* _MATERIAL FOR THIS EXERCISE_
"""

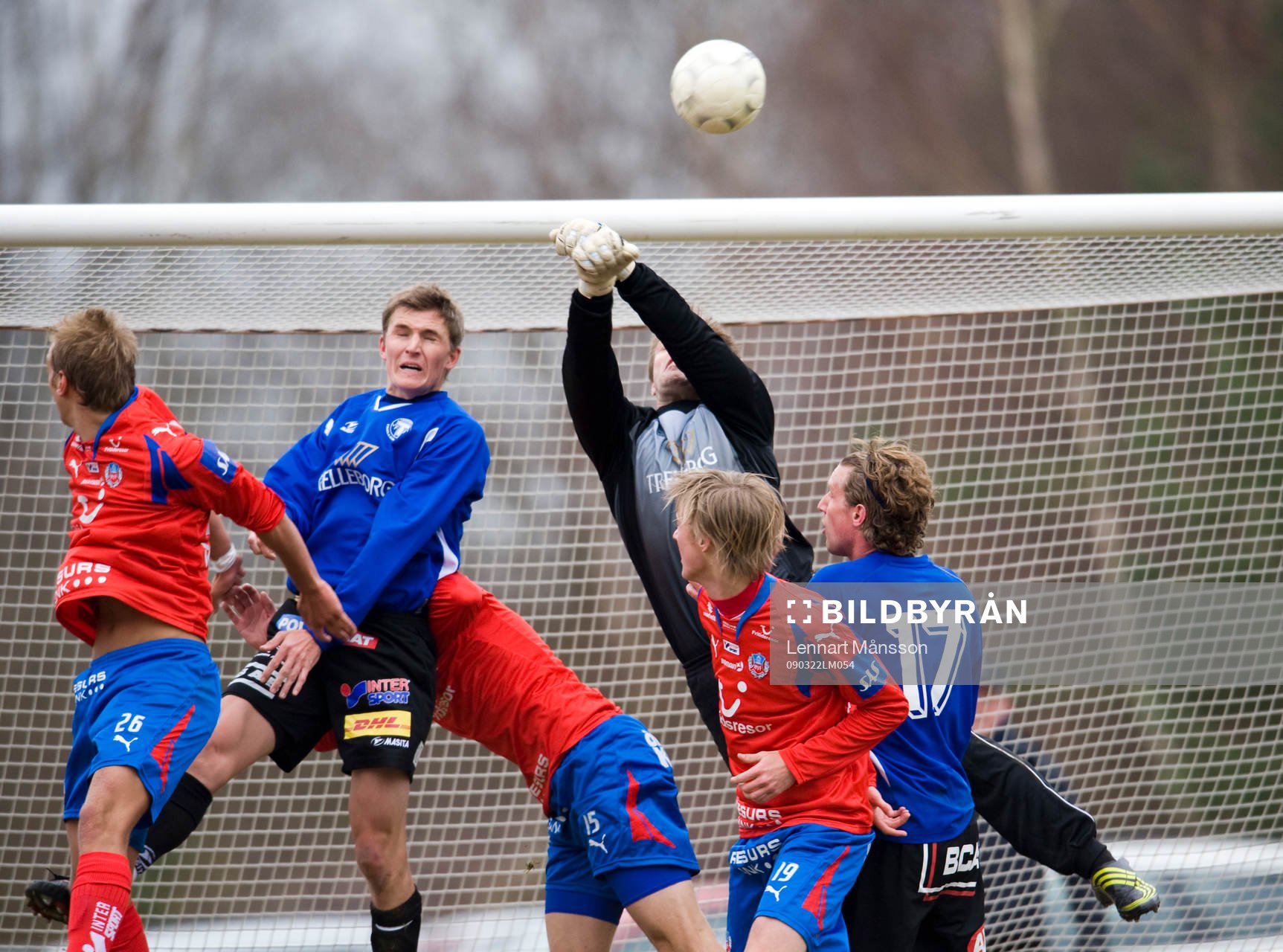 Fredrik Persson, målvakt, Trelleborg, rensar en hörna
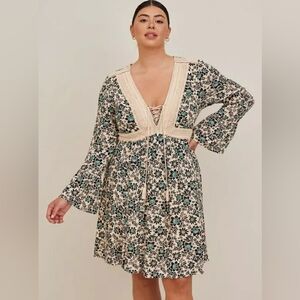 Torrid Dress Floral Skater Cream Lined Embroidered Lace Trim Flare Size 2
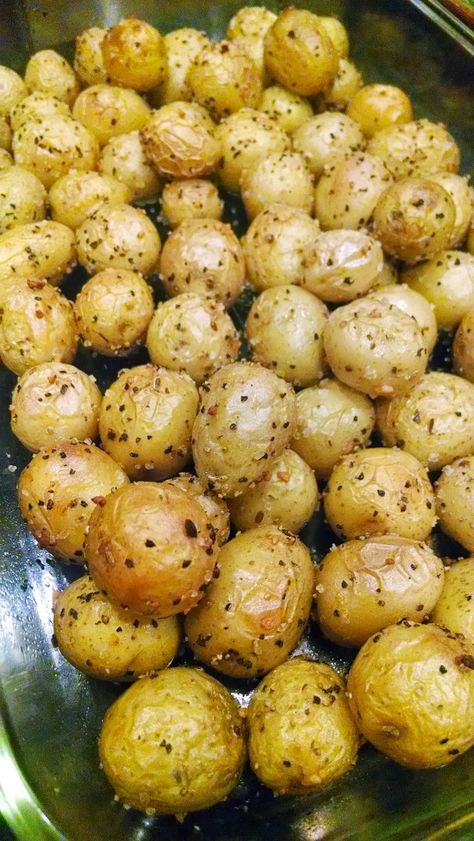 Baby Dutch Yellow Potatoes Recipes, Yellow Potatoes Recipes, Baby Dutch Yellow Potatoes, Dutch Potatoes, Golden Potato Recipes, Gold Potato Recipes, Baby Potato Recipes, Roasted Baby Potatoes, Potatoes Recipes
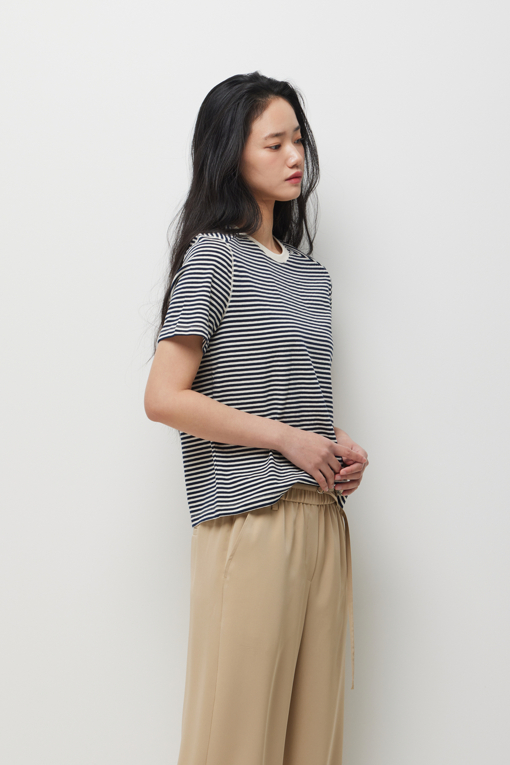 https://img.benettonmall.com/PARTS/KS/26S/SATSE8631NY_MB_D1.jpg?cb=1778668868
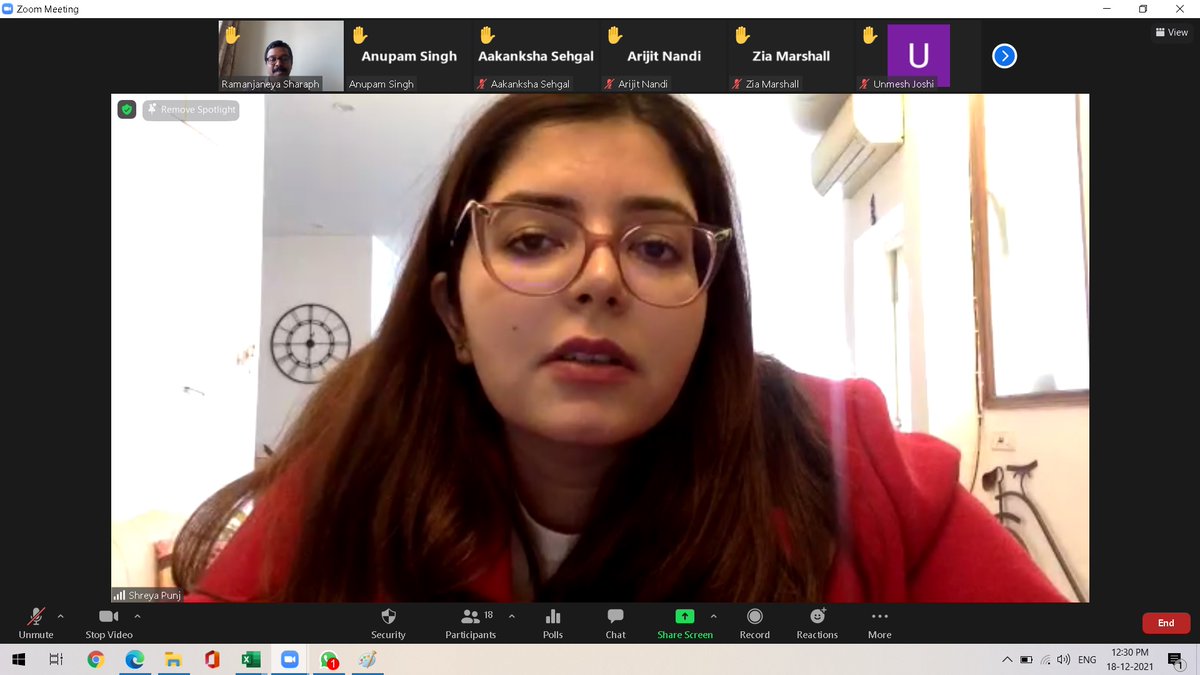 HimalayanWrite's tweet image. A great start to the weekend with this wonderful workshop on writing great book proposals with @ShreyaPunj.

#WritingTips #EditingFeedback #WritersLife #HWROnline #HimalayanWritingRetreat #LearnOnline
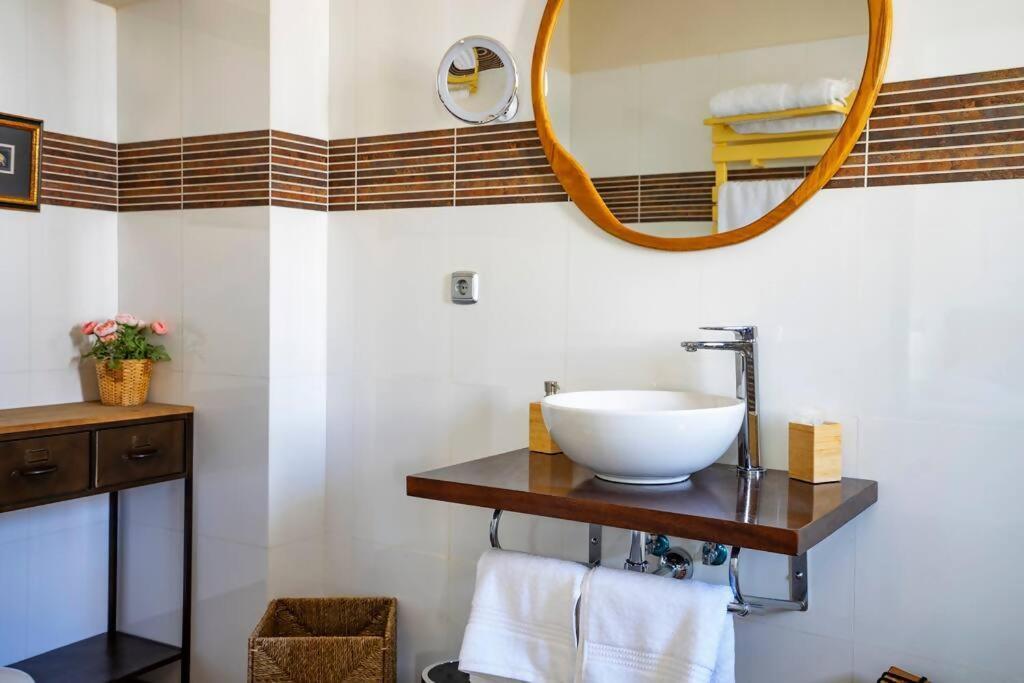 Duplex Apartamento Godoy Centro กาเซเรส ภายนอก รูปภาพ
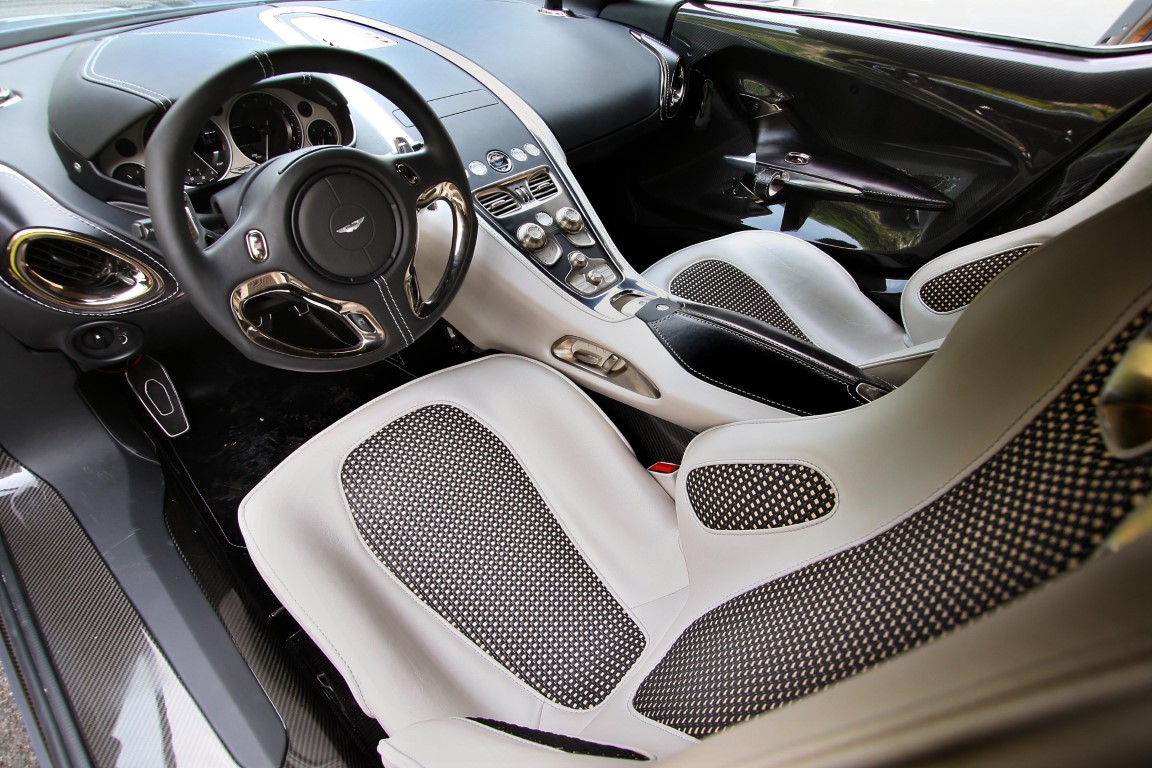 Aston Martin One-77 (Automatic)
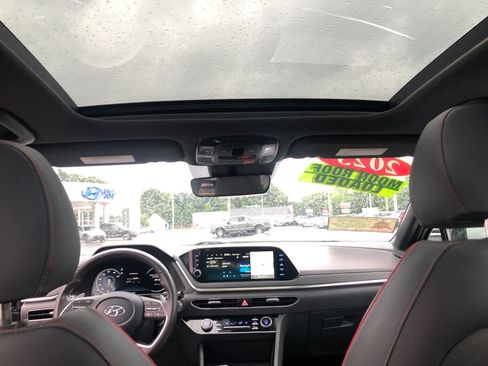 Certified 2023 Hyundai Sonata SEL Plus FWD image 28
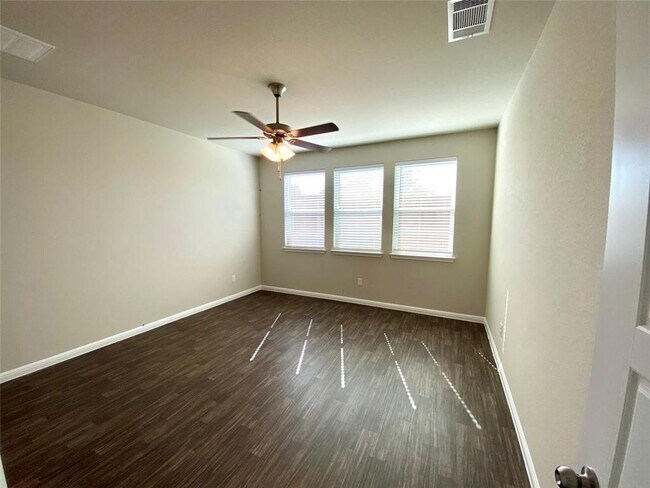 Building Photo - 237 Michaelis Dr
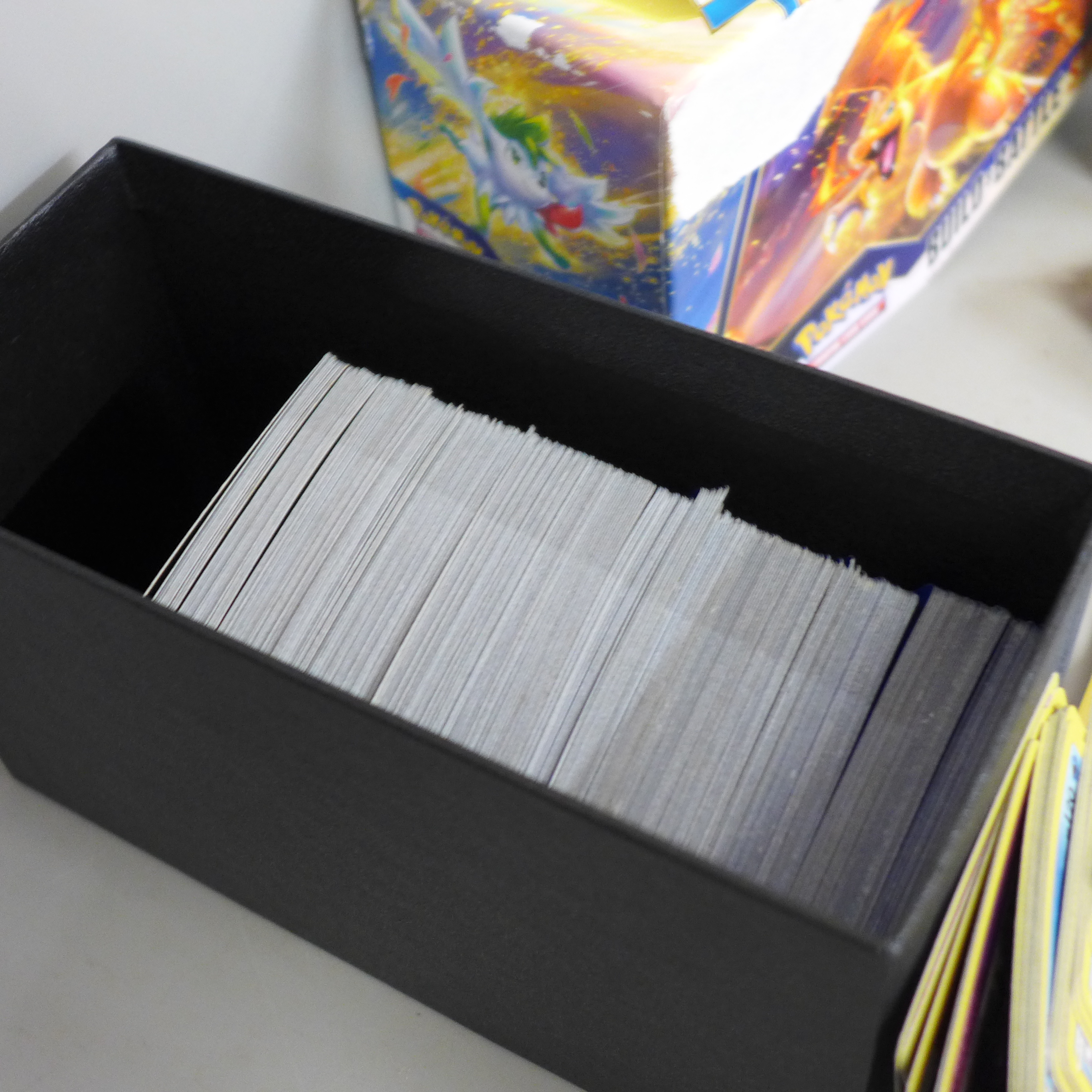 Over 400 shiny Pokemon cards and tin - Bild 2 aus 3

"""

* _ASSIGNMENT_
Output the records exactly as they appear, skipping any pictures.

* _ANSWER TO THE PROBLEM_
 Fredrik Persson, målvakt, Trelleborg, rensar en hörna
 Torrid Dress Floral Skater Cream Lined Embroidered Lace Trim Flare Size 2
 Baby Dutch Yellow Potatoes Recipes, Yellow Potatoes Recipes, Baby Dutch Yellow Potatoes, Dutch Potatoes, Golden Potato Recipes, Gold Potato Recipes, Baby Potato Recipes, Roasted Baby Potatoes, Potatoes Recipes
 https://img.benettonmall.com/PARTS/KS/26S/SATSE8631NY_MB_D1.jpg?cb=1778668868
 HimalayanWrite's tweet image. A great start to the weekend with this wonderful workshop on writing great book proposals with @ShreyaPunj.

#WritingTips #EditingFeedback #WritersLife #HWROnline #HimalayanWritingRetreat #LearnOnline
 Duplex Apartamento Godoy Centro กาเซเรส ภายนอก รูปภาพ
 Aston Martin One-77 (Automatic)
 Certified 2023 Hyundai Sonata SEL Plus FWD image 28
 Building Photo - 237 Michaelis Dr
 Over 400 shiny Pokemon cards and tin - Bild 2 aus 3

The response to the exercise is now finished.